_THE DATA_.
• • •
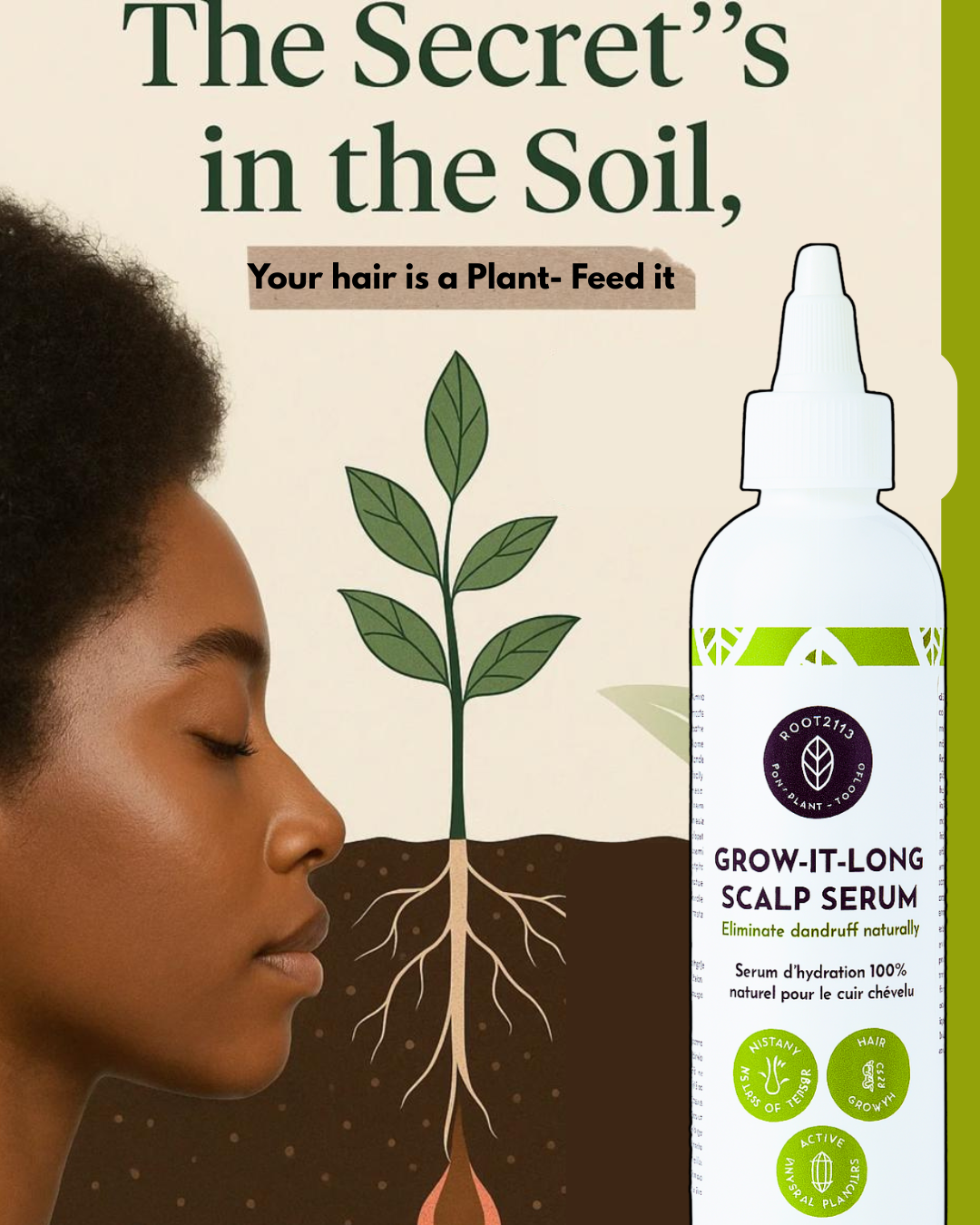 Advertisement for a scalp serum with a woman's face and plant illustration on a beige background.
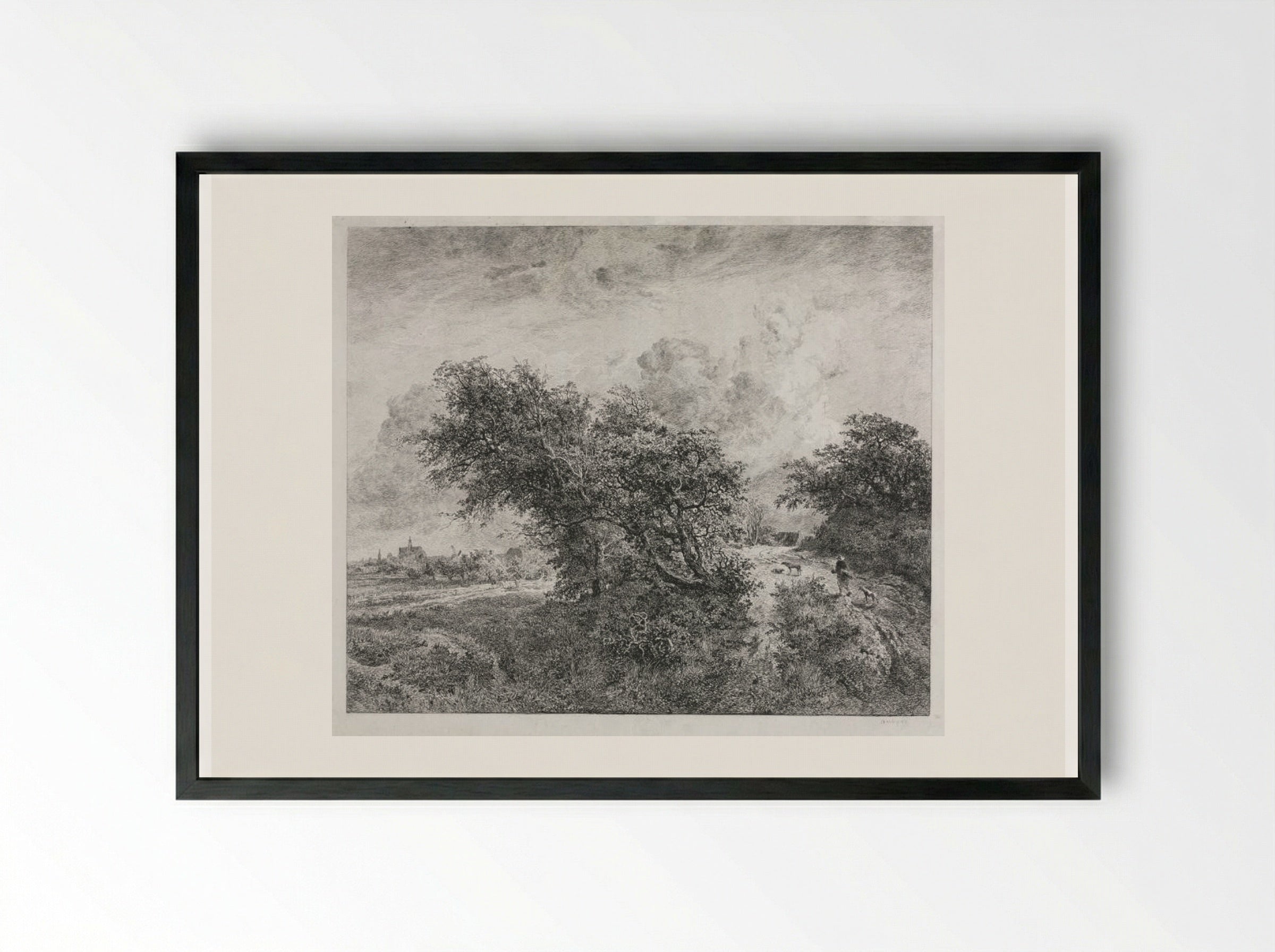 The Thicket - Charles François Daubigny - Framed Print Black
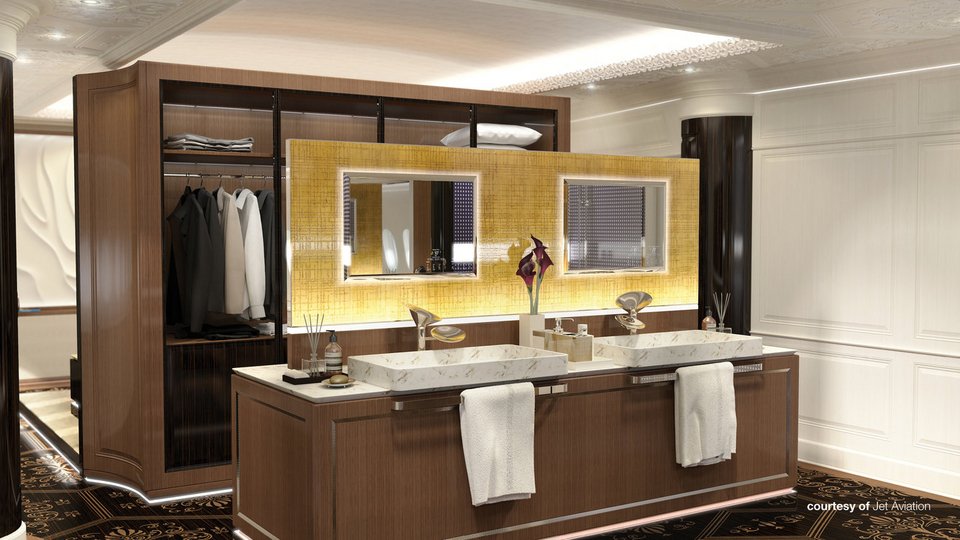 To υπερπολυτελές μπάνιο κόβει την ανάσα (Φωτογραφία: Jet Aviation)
• • •
_ABOUT THIS TASK_. Give back the listing exactly, without a single picture.

_TASK SOLUTION_.
 Advertisement for a scalp serum with a woman's face and plant illustration on a beige background.
 The Thicket - Charles François Daubigny - Framed Print Black
 To υπερπολυτελές μπάνιο κόβει την ανάσα (Φωτογραφία: Jet Aviation)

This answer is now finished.